In my penal substitution essay, I try to show that Conservative Christians are wrong to think the NT writers used Isaiah 53 to suggest penal substitution, the idea Christ suffered/died in our place to pay our sin debt. Today I am going to look at Mako Nagasawa’s arguments why Matthew 8:17, which cites Septuagint Isaiah 53:4, does not align with penal substitution.

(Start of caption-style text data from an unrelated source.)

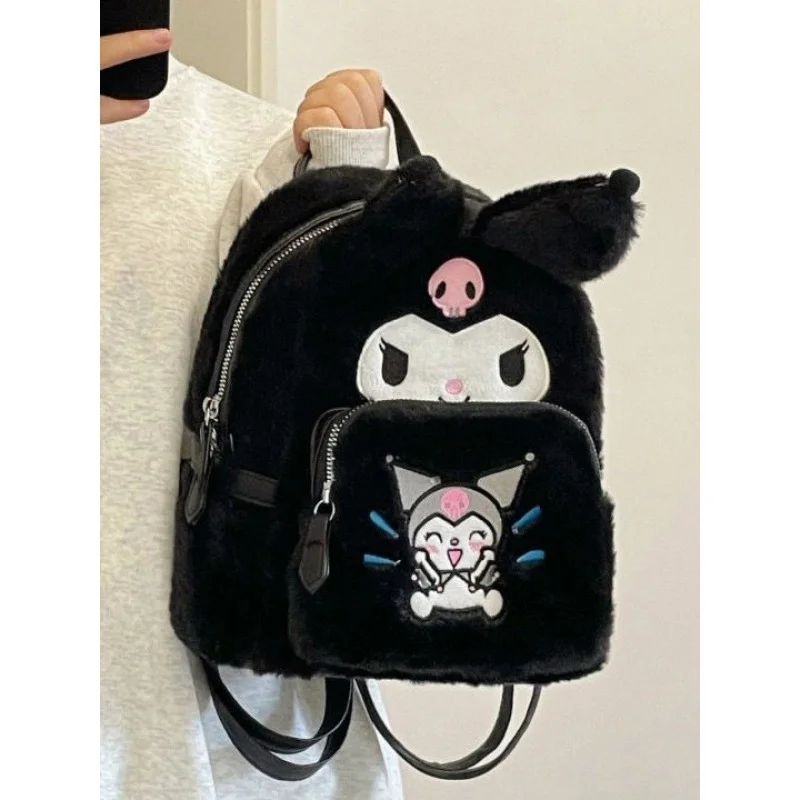 Милый плюшевый рюкзак с рисунком Kt Cat, Hello Kitty Kuromi, мини-рюкзак с двойными плечами и вышивкой, уличная сумка большой вместимости, подарок
Милый плюшевый рюкзак с рисунком Kt Cat, Hello Kitty Kuromi, мини-рюкзак с двойными плечами и вышивкой, уличная сумка большой вместимости, подарок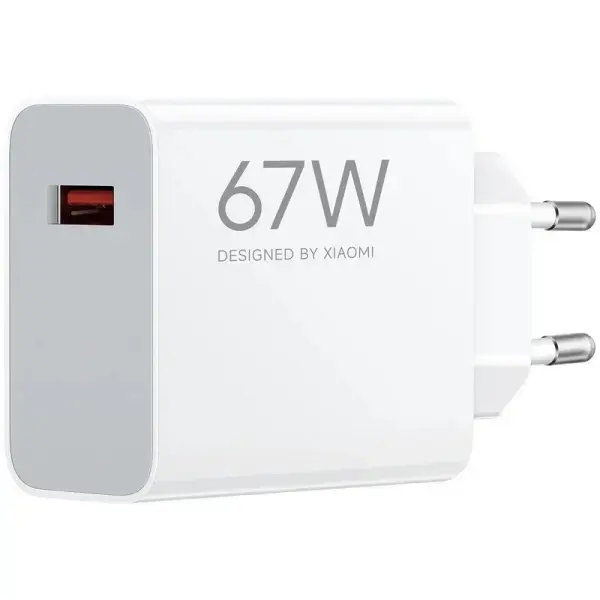Xiaomi MDY-12-EH tīkla lādētājs | 67W | USB-A | balts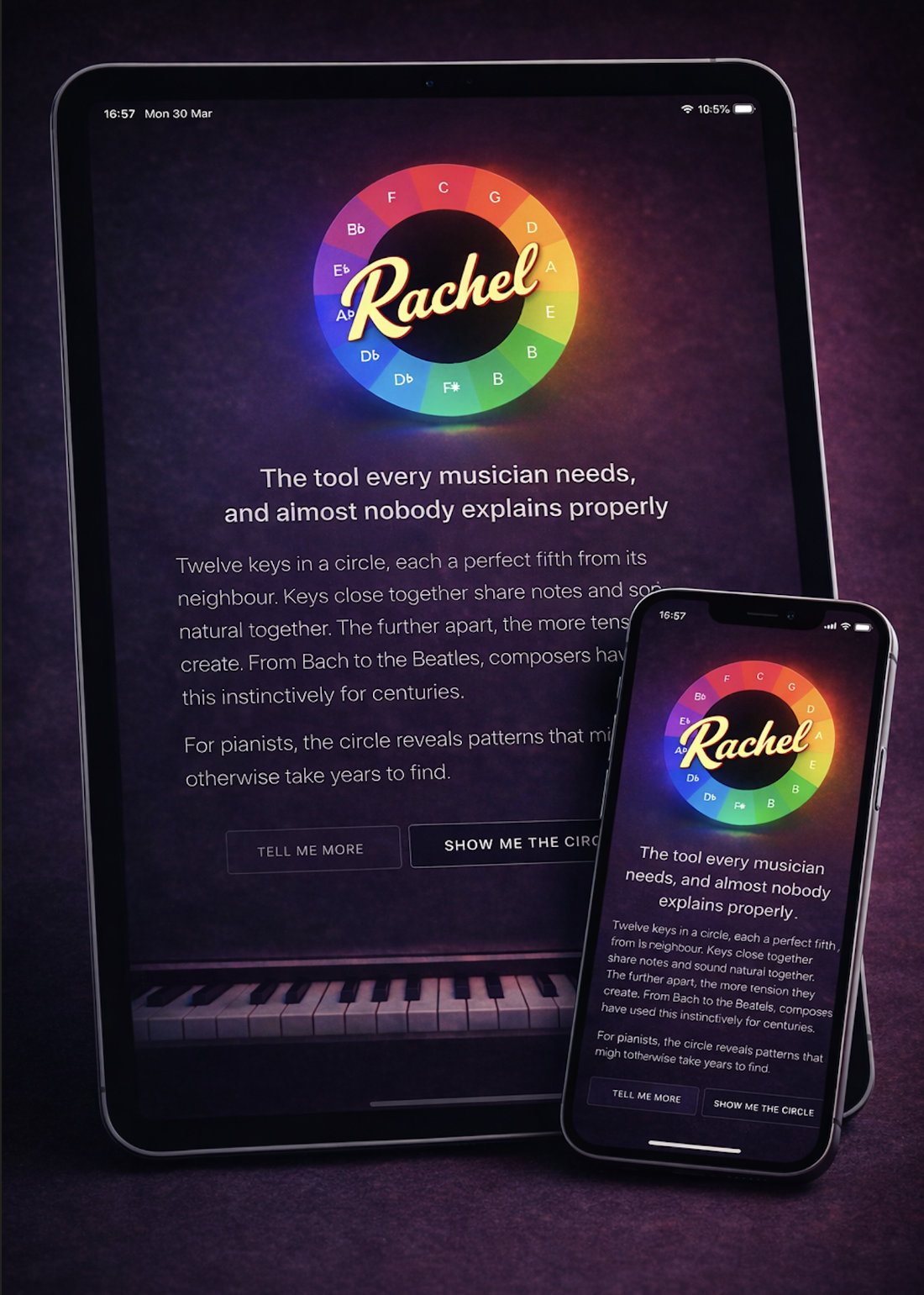 Rachel's Circle of Fifths on iPad and iPhone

Nagasawa points out it is in his sinful nature that Jesus identifies with the rest of humanity. Consider how this relates to the question of the circumcised heart I talked about in my last Secular Frontier post:

  • But on the deepest level, Jesus suffered humanity’s internal condition which made the exile from Eden necessary in the first place.  That is, he shared in the corruption of sin within human nature, the common human condition since the fall.  Jesus really did struggle against the flesh, especially in the wilderness (Mt.4:1 – 11) and at Gethsemane (Mt.26:36 – 75).  Those two episodes bracket his public life and ministry... This parallel means that Jesus, throughout his life, and even at the Sermon on the Mount, was receiving the Father’s writing of His law on the tablet of his human heart, so that Jesus might be able to share his own heart by his Spirit with others.  He was condemning sin in his own sinful flesh (Rom.8:3), to put to death the old self (Rom.6:6), and produce the heart circumcised by the Spirit (Rom.2:28 – 29), making him out to be the true Israelite, the one restored from exile (Dt.30:6).  Paul understood this act to embody Israel’s true vocation under the law (Rom.7:14 – 8:4).  If Jesus embodied Israel in himself, he therefore embodied that very vocation:  to return his human nature back to God circumcised of heart.  This involved for Jesus an intense suffering which we can only existentially understand through the hardest moments of our own temptations and choices to faithfully grow in obedience with him, by his Spirit.  The author of Hebrews notes, ‘In the days of His flesh, He offered up both prayers and supplications with loud crying and tears to the One able to save Him from death, and He was heard because of His piety.  Although He was a Son, He learned obedience from the things which He suffered.’ (Heb.5:7 – 8)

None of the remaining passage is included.